Natural consumers have always been savvy, but that savviness is expanding as the general population becomes more health conscious and fringe lifestyles such as vegetarian, vegan and gluten free move to the mainstream. While not everyone is embracing these lifestyles, the beverage aisle is where all these different types of consumers can converge and find common ground in what they purchase. Functional beverages, in particular, are seeing increased growth and demand as consumers seek convenience and health in a bottle.

WaterWater is an important place to start because it is at the core of who we are, with 60% of the human body made up of water. Proper hydration is crucial, with adult males requiring about 3 liters per day and adult females 2.2 liters per day (1). “Water that comes from a clean and pure source is paramount,” says GT Dave, founder and CEO of Millennium Products, Inc., Beverly Hills, CA, which is indicative of the way consumers think about water.

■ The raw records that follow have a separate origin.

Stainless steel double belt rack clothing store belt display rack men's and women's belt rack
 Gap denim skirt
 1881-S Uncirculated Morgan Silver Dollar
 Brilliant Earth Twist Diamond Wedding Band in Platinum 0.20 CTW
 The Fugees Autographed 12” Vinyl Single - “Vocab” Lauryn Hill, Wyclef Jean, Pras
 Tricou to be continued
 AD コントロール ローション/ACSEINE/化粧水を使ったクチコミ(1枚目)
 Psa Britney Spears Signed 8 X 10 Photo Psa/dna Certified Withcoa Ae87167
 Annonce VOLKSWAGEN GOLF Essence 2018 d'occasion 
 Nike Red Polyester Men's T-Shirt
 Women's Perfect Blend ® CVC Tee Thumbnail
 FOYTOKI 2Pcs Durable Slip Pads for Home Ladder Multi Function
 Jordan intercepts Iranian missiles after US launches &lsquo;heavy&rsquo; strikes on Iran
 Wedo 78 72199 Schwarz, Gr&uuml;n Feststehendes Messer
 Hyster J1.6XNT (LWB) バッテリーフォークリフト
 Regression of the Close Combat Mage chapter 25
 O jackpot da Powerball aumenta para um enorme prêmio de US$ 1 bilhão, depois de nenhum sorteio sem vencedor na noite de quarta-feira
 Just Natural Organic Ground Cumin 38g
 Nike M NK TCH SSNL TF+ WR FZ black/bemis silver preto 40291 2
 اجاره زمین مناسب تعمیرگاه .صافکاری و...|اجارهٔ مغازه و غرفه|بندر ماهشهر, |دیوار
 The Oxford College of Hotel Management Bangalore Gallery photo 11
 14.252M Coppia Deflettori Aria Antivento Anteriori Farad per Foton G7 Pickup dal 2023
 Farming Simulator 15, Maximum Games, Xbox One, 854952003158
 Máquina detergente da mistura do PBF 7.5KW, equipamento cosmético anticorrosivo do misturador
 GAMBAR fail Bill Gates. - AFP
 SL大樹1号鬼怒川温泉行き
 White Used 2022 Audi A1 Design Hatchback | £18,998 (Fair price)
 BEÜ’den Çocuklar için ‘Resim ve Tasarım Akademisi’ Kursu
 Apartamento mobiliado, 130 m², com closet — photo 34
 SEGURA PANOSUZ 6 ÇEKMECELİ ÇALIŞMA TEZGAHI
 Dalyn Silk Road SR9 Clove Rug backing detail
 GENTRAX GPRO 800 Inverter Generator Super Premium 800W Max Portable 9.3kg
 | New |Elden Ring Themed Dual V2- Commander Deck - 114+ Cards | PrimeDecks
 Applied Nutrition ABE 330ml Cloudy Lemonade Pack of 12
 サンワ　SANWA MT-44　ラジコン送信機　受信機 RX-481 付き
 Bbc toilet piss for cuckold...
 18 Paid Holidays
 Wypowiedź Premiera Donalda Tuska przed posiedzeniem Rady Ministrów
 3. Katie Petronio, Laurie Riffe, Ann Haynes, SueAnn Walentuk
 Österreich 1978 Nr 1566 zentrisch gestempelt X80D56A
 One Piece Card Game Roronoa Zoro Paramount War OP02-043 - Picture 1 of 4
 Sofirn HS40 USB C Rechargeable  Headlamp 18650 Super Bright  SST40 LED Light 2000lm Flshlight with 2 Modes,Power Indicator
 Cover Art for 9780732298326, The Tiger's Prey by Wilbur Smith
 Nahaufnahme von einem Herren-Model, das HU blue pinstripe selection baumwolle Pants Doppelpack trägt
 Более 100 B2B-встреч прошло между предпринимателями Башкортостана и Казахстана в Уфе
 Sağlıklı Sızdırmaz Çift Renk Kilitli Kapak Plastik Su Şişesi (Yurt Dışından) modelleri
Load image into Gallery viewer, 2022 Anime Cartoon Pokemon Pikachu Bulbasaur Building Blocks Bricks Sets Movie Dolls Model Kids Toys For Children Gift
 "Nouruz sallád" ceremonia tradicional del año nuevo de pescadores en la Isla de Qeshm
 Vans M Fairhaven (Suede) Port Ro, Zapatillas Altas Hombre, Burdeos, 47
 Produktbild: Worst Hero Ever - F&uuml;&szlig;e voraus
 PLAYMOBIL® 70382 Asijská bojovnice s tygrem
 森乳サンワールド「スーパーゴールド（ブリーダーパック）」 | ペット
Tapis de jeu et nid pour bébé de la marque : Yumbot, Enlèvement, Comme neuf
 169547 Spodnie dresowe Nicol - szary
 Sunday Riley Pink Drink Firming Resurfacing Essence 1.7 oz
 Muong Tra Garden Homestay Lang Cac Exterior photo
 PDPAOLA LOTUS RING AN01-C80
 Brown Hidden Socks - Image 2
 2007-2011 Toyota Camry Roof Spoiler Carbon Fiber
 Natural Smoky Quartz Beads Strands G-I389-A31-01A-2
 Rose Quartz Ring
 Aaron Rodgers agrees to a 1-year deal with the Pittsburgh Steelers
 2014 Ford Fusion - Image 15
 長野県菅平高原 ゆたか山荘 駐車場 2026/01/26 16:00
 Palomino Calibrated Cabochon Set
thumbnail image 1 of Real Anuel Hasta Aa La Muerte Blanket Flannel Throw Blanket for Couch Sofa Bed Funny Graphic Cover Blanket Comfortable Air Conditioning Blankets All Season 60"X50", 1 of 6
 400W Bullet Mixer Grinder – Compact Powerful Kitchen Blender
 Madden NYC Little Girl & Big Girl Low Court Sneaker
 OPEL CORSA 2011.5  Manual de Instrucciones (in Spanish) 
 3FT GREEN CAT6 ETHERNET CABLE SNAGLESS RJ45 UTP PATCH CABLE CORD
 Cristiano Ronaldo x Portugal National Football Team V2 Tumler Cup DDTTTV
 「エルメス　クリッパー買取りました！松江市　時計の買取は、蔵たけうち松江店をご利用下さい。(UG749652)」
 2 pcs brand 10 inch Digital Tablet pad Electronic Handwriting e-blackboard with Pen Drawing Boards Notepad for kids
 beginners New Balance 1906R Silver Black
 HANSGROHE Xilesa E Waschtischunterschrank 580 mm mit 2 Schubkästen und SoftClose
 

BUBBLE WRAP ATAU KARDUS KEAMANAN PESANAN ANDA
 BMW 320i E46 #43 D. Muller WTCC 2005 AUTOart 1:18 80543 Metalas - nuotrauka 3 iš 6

While some places like New York City take pride in their tap water, insecurity about one’s water source and the potential health risk from contamination are major influencers in bottled water sales. This is particularly relevant now, given what has happened in Flint, MI, where toxic lead-contaminated tap water flowed through the community before authorities realized a serious problem was at hand.

In addition to its perceived safety and the inherent health benefits of drinking water, consumers are attracted to water that offers additional health value, such as mineral and fortified water.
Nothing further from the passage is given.